Netflix, nel suo perenne tentativo di offrire qualcosa di raffinato e socialmente rilevante, ha servito su un piatto d’argento “Delicious”, un film che ambisce a essere una critica feroce alla disparità di classe, ma finisce per essere un’operazione pretenziosa, priva di mordente e, ironia della sorte, assolutamente insapore. Un thriller sociale che si crede un banchetto gourmet, ma che in realtà è il fast food del cinema impegnato.
Il film, diretto da Nele Mueller-Stöfen, si svolge in una sontuosa villa nel sud della Francia, dove una ricca famiglia tedesca si gode una vacanza da cartolina. La loro serenità viene interrotta dall’arrivo di Teodora, una giovane donna misteriosa coinvolta in un incidente con la loro auto. Da quel momento, il film si sforza disperatamente di tessere una tela di tensione psicologica e scontri sociali, ma il risultato è un’opera che scimmiotta senza vergogna capolavori come “Parasite” o “The Menu” senza possederne l’intelligenza o l’ironia.
Uno dei problemi principali di “Delicious” è la sua totale mancanza di originalità nella caratterizzazione dei personaggi. Abbiamo il padre distratto e distante, la madre frustrata, il figlio adolescente problematico e la figlia innocente. Teodora, interpretata da Carla Díaz, è l’unica che tenta di donare un po’ di vita alla storia, ma è intrappolata in una sceneggiatura pigra e prevedibile che la riduce a un mero strumento narrativo piuttosto che a un personaggio con una vera profondità psicologica.

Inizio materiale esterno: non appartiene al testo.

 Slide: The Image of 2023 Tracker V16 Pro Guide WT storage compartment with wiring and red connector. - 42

Mueller-Stöfen si illude di raccontare una storia universale, ma in realtà ricicla dinamiche già viste e abusate, senza mai riuscire a donare loro una scintilla di freschezza. La tensione che il film cerca di costruire si dissolve rapidamente a causa di un ritmo incerto e di dialoghi che sembrano usciti da un seminario di scrittura per principianti.

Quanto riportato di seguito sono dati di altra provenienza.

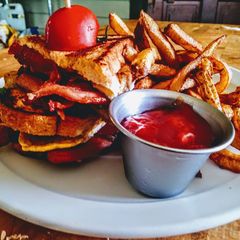 A picture of Pork Belly BLT with Hand Cut Frites.
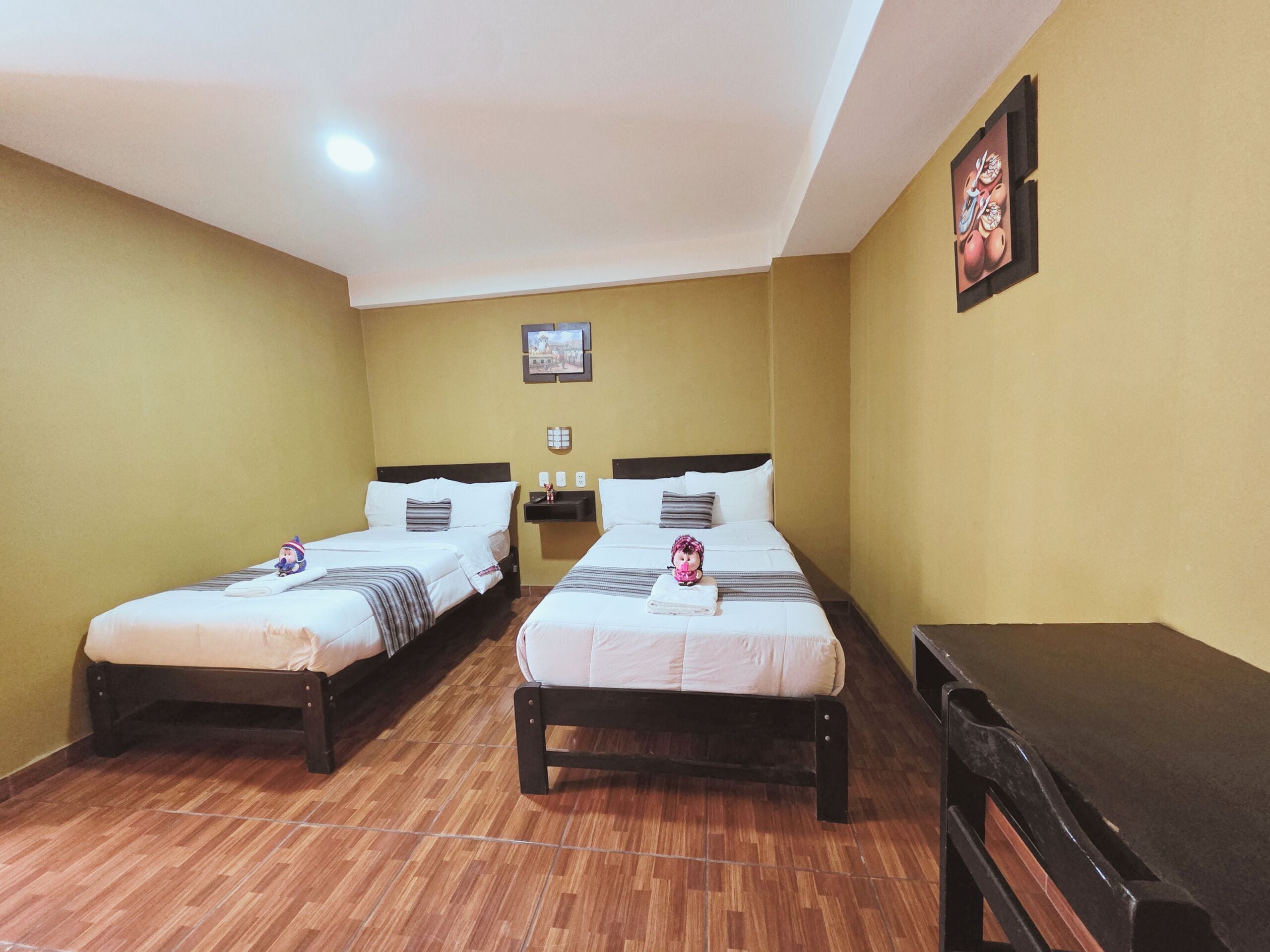 A hotel room with two beds, a small table, a wall-mounted picture, and a ceiling light.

Dove “Delicious” tenta di eccellere è nell’estetica. Le inquadrature sono studiate, la fotografia è elegante, i colori sono bilanciati alla perfezione, la costruzione degli interni è “squisita”. Ma qui sta il problema: è tutto sterile, freddo, costruito per impressionare senza mai coinvolgere. È come un piatto gourmet bellissimo da vedere, ma che al primo assaggio si rivela privo di sapore.
La regia di Mueller-Stöfen è ossessionata dall’apparenza, puntando su simmetrie millimetriche e movimenti di camera controllati fino all’ossessione, ma il contenuto resta vacuo. Non c’è anima, non c’è passione, solo il desiderio disperato di sembrare più raffinato di quanto il film effettivamente sia. Lo spettatore è costretto a sorbirsi un’estetica affettata e autoreferenziale che non fa altro che aumentare la distanza emotiva dal racconto.
Alla fine dei conti, “Delicious” è un film che si prende troppo sul serio, senza averne il diritto. È un prodotto che tenta di lanciare messaggi politici e sociali, ma lo fa nel modo più superficiale possibile. I ricchi sono superficiali e insensibili, i poveri sono enigmatici e moralmente superiori. Fine della storia. Non c’è un vero approfondimento della lotta di classe, non c’è una riflessione autentica sulla disuguaglianza sociale. C’è solo un film che sbatte in faccia allo spettatore concetti triti e ritriti, sperando che basti la bella confezione a renderli digeribili. Spoiler: non basta.

Netflix avrebbe fatto meglio a investire in una sceneggiatura più solida e meno pretenziosa piuttosto che confezionare l’ennesimo thriller pseudo-intellettuale che, alla fine, non lascia nulla. Se “Delicious” fosse un piatto, sarebbe una zuppa annacquata servita in un piatto d’argento: elegante in apparenza, ma totalmente priva di sostanza.
Se siete in cerca di un film che sappia davvero raccontare la tensione sociale in modo intelligente, guardate altro. Se invece vi accontentate di una pellicola che si atteggia a cinema impegnato ma che, alla fine, è solo un esercizio di stile fine a sé stesso, allora “Delicious” potrebbe fare al caso vostro.
Ma attenzione: potrebbe lasciarvi con una gran fame di cinema vero.